» **TASK PROMPT**
A faithful copy of the listing below is needed, with its pictures left out.

» **DATASET RECORDS**

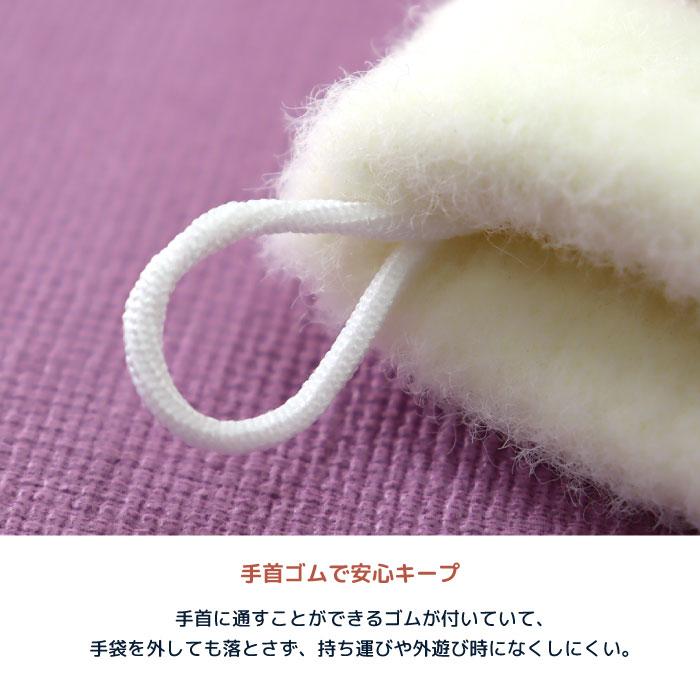 stample スタンプル 70008 リボンニット ベビー ミトン 赤ちゃん手袋 ミトン手袋 子供 キッズ おしゃれ  女の子 防寒 秋 冬 | stample | 17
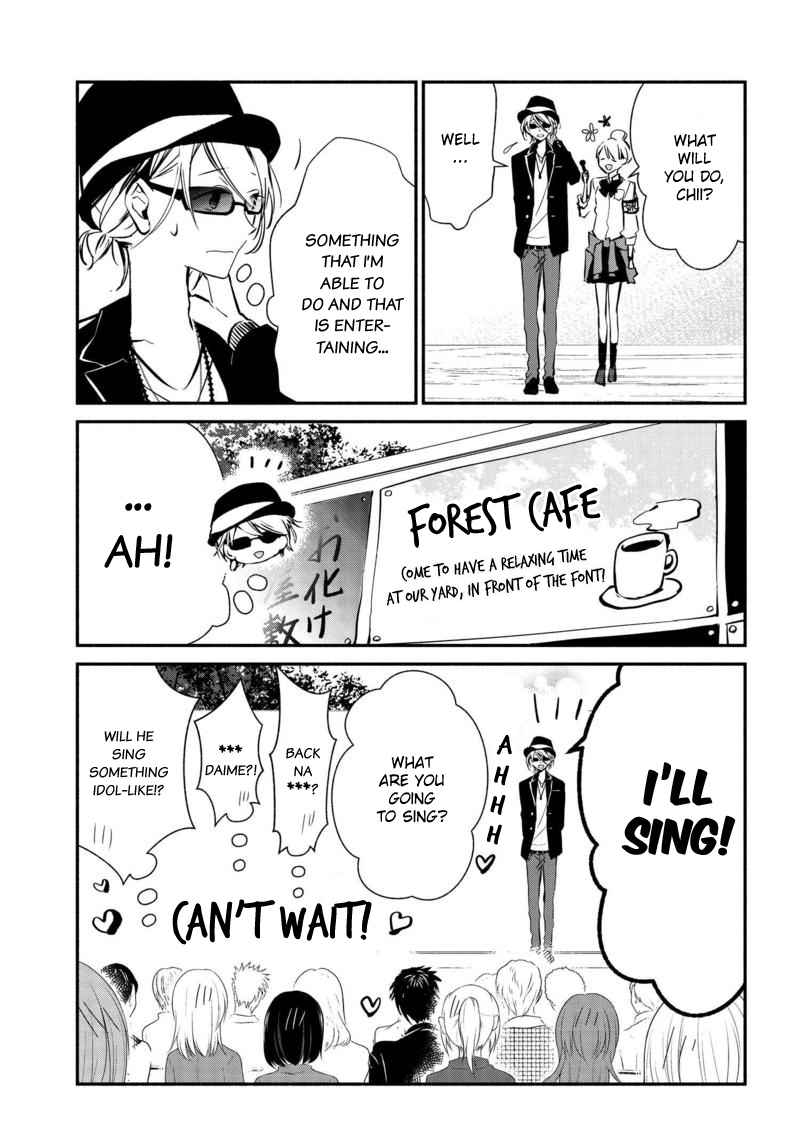 Sakazuki-san Chi no Gikyoudai Chapter 14 page 12 - Chapter 14: Cultural festival (02)
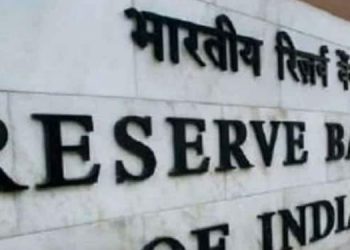 ആർബിഐ നിയന്ത്രിത വിപണികളിൽ സമയ മാറ്റം ; ഇന്ന് മുതൽ ഒരു മണിക്കൂർ നേരത്തെ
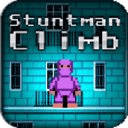 Stuntman Climb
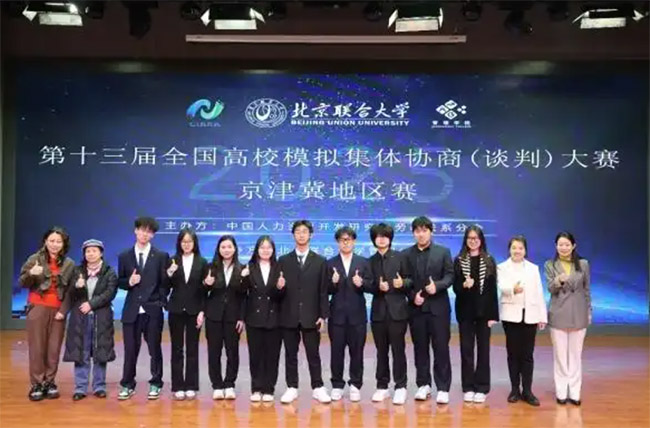 򼽸УPK@ȺW(xu)@u(png)ѡ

» **EXERCISE ANSWER**
 stample スタンプル 70008 リボンニット ベビー ミトン 赤ちゃん手袋 ミトン手袋 子供 キッズ おしゃれ  女の子 防寒 秋 冬 | stample | 17
 Sakazuki-san Chi no Gikyoudai Chapter 14 page 12 - Chapter 14: Cultural festival (02)
 ആർബിഐ നിയന്ത്രിത വിപണികളിൽ സമയ മാറ്റം ; ഇന്ന് മുതൽ ഒരു മണിക്കൂർ നേരത്തെ
 Stuntman Climb
 򼽸УPK@ȺW(xu)@u(png)ѡ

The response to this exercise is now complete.